Материализм прошлого века был преимущественно механическим, потому что из всех естественных наук к тому времени достигла известной законченности только механика, и именно только механика твердых тел (земных и небесных), короче—механика тяжести. Химия существовала еще в наивной форме, основанной на теории флогистона. Биология была еще в пеленках: растительный и животный организм был исследован лишь о самых грубых чертах, его объясняли чисто механическими причинами. В глазах материалистов XVIII века человек был машиной так же, как животное в глазах Декарта. Это применение исключительно масштаба механики к процессам химического и органического характера — в области которых механические законы хотя ч продолжают действовать, но отступают на задний план перед другими, более высокими законами,—составляет первую своеобразную, но неизбежную тогда ограниченность классического французского материализма.

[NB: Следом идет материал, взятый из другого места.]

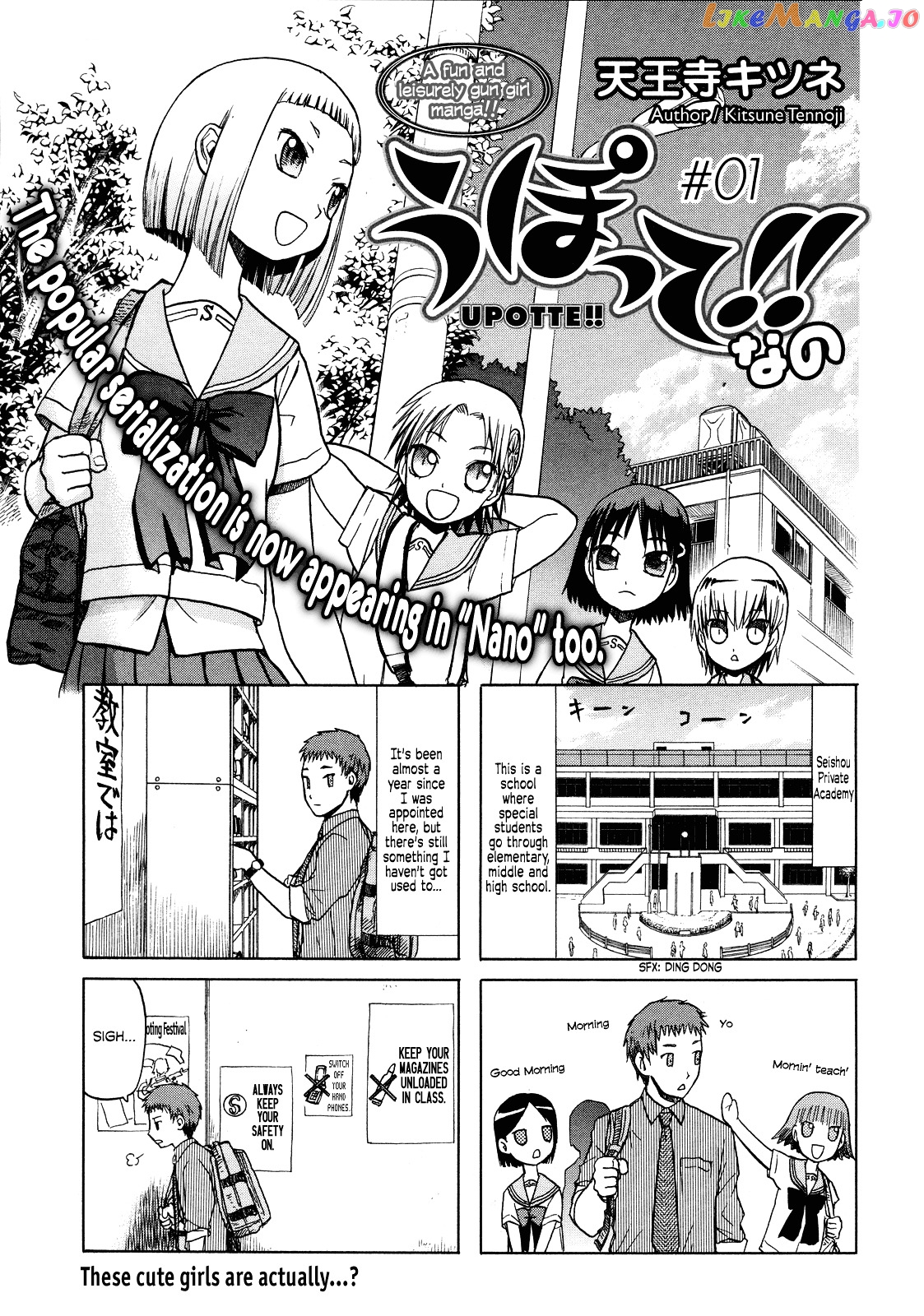 Upotte!! Nano chapter 1 - page 2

Вторая своеобразная ограниченность этого материализма заключалась в неспособности его понять мир как процесс, как такую материю, которая находится в непрерывном историческом развитии. Это соответствовало тогдашнему состоянию естествознания и связанному с ним метафизическому, то есть антидиалектическому, методу философского мышления. Природа находится в вечном движении; это знали и тогда. Но по тогдашнему представлению, это движение столь же вечно вращалось в одном и том же круге и таким образом оставалось, собственно, на том же месте: оно всегда приводило к одним и тем же последствиям. Такое представление было тогда неизбежно. Кантовская теория возникновения солнечной системы тогда только что появилась и казалась еще лишь простым курьезом. История развития Земли, геология, была еще совершенно неизвестна, а мысль о том, что нынешние живые существа являются результатом продолжительного развития от простого к сложному, вообще еще не могла тогда быть выдвинута наукой. Не-исторический взгляд на природу был, следовательно, неизбежен. И этот недостаток тем меньше можно поставить в вину философам XVIII века, что его не чужд даже Гегель. У Гегеля природа, как простое “отчуждение” идеи, не способна к развитию во времени; она может лишь развертывать свое многообразие в пространстве, и, таким образом, осужденная на вечное повторение одних и тех же процессов, она выставляет одновременно и одну рядом с другой все заключающиеся в ней ступени развития. И эту бессмыслицу развития в пространстве, но вне времени,— которое является основным условием всякого развития,— Гегель навязывал природе как раз в то время, когда уже достаточно были разработаны и геология, и эмбриология, и физиология растений и животных, и органическая химия, и когда на основе этих новых наук уже повсюду зарождались гениальные догадки, предвосхищавшие позднейшую теорию развития (например, Гёте и Ламарк). Но так повелевала система, и в угоду системе метод должен был изменить самому себе.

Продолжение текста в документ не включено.